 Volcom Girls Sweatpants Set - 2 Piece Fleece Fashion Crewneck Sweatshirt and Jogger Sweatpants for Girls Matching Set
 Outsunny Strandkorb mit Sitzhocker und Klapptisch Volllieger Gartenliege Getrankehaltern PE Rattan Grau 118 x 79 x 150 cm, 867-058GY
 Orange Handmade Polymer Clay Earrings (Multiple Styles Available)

--

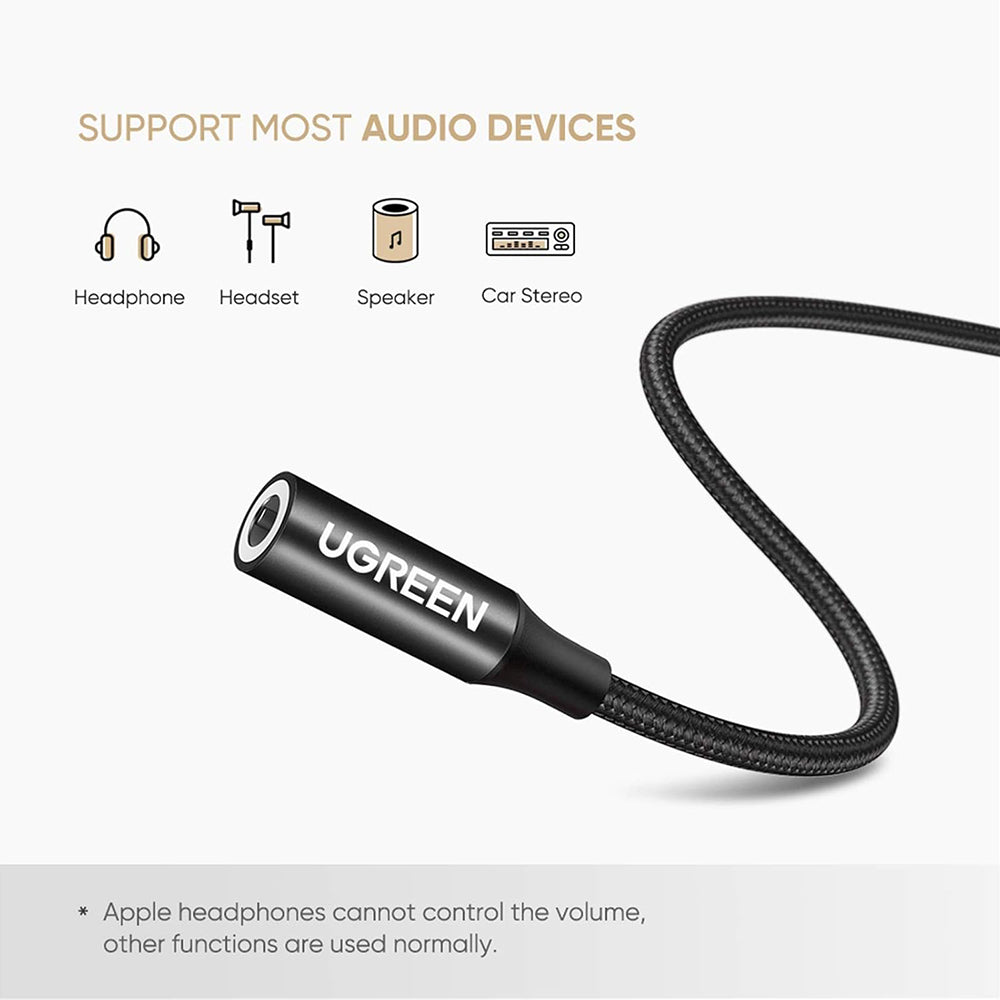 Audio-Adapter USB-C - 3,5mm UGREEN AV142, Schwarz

==

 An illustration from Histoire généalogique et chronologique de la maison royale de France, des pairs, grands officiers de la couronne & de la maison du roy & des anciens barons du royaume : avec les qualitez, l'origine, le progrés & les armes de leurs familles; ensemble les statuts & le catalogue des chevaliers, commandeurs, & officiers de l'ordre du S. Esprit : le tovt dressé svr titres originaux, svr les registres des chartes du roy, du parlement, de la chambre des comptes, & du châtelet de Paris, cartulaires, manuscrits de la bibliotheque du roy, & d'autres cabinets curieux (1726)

### WHAT YOU NEED TO DO:
Within the listing above, extract exactly the lines from the line with "Outsunny Strandkorb mit" to the line with "Orange Handmade Polymer", the two named lines included, and no others.

### SOLUTION TO THE PROBLEM:
 Outsunny Strandkorb mit Sitzhocker und Klapptisch Volllieger Gartenliege Getrankehaltern PE Rattan Grau 118 x 79 x 150 cm, 867-058GY
 Orange Handmade Polymer Clay Earrings (Multiple Styles Available)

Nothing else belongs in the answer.